And you now propose to make a computer form of a brain? Or are
you simply saying that one may someday be devised? Given that
the processors (neurons) and their connections (axons and dendrites)
are constantly changing, and that even their way of sending electrical
messages exploits static and randomness while our current electrical
devices try to suppress it, I'm not even sure that any device we
built able to replace a brain would fulfil the definition of a
COMPUTER (I say this not because I think such a device is impossible,
but because it may tell us that computers aren't the only way to
think).

Finally, for Francois and Michael Price:
The claim that duplication cannot be observed is very likely to be
false, for the simple reason that a third person (or a second 
person not the same as the person duplicated) can very easily
watch the entire process of duplication. 

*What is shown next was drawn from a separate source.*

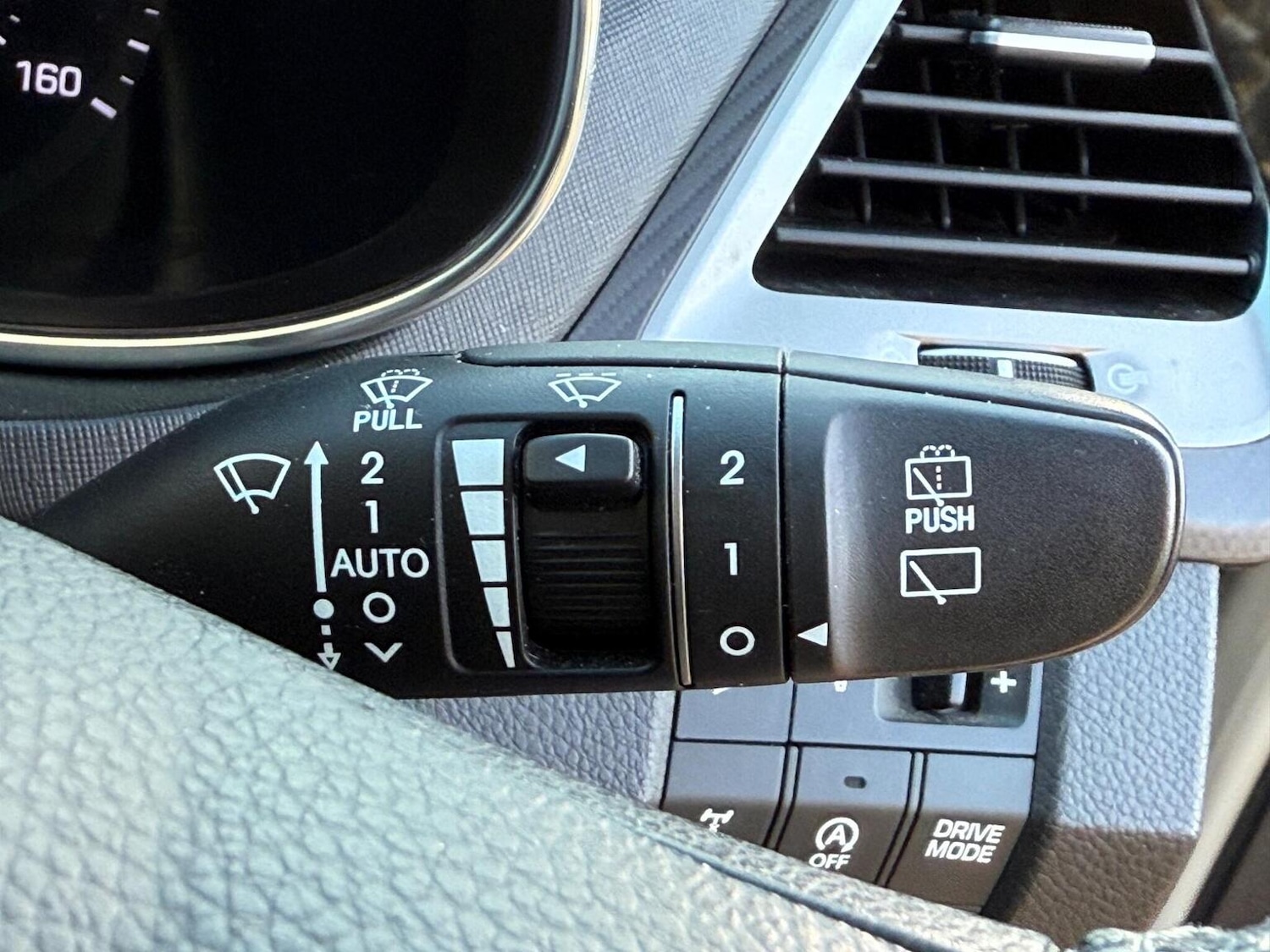 Used Hyundai Santa Fe 2016 for sale - 76662726: Photo 52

While I would hardly deny that the PERSON DUPLICATED may not be
aware of his/her duplication, that wasn't what was claimed. Not
only that, but the person duplicated can afterwards ask that 
3rd person who was a witness to tell what he/she saw. Not only
THAT, but if X knows in advance that he will be duplicated, then
he could even set up his own machinery to record what happened
and he and his duplicate could look at it afterwards. So the person
duplicated may not know what happened WHEN IT HAPPENED, but could
easily learn about it later.

If you did not see this, I'm sorry. If you want to turn it into
a philosophical problem, I'm sure that you can set up situations
in which nobody knows what happened and nobody can find out.
Highly artificial situations. But then lots of events no one argues
about have something of that character: just read a good account of
a murder mystery (if you can stand the gore!): nobody knows what
happened or who did it there, either.